The ideal thing to do would be to delay the routing of the explicit transaction start until the server on which it is started is known. A less ideal solution that would still solve this is to treat all BEGIN and COMMIT commands as session commands and route them to all backends.
The case for ROLLBACK and COMMIT is simple: assuming the transaction is not empty and has one target, the logical destination for the command is the same target where the previous command was routed. This will result in correct behavior when the transaction is located completely on a single target. However, transactions that touch more than one shard will result in unwanted behavior where only one shard receives the COMMIT.

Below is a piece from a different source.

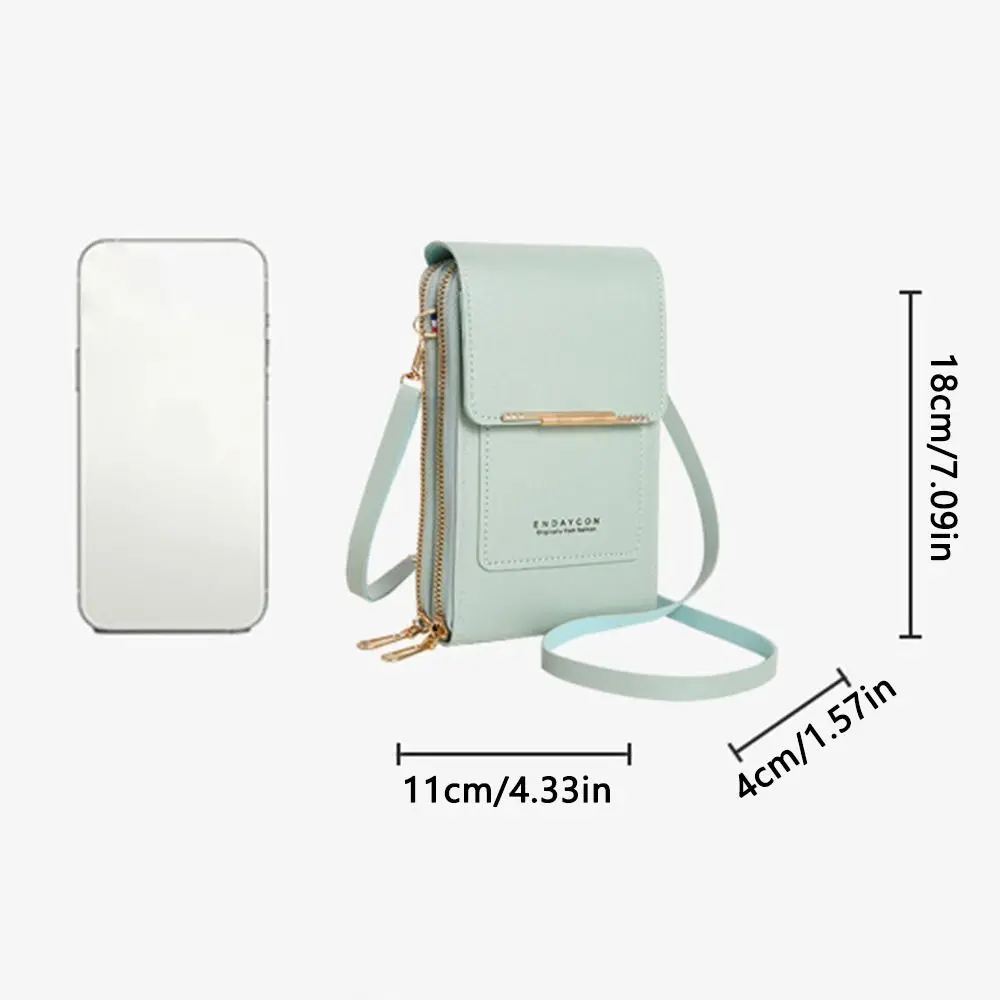 High Quality Women Travel Handbag Crossbody Bags Touch Screen Phone Bag RFID Anti Theft Purse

Another approach would be to route all BEGIN, COMMIT and ROLLBACK statements to all nodes. This would cause the transaction to be committed on all nodes but it would result in an increase of traffic on all shards. Neither of these approaches provide cross-shard consistency for transactions but the latter would cause BEGIN to also start a transaction on all nodes, same as SET autocommit=0.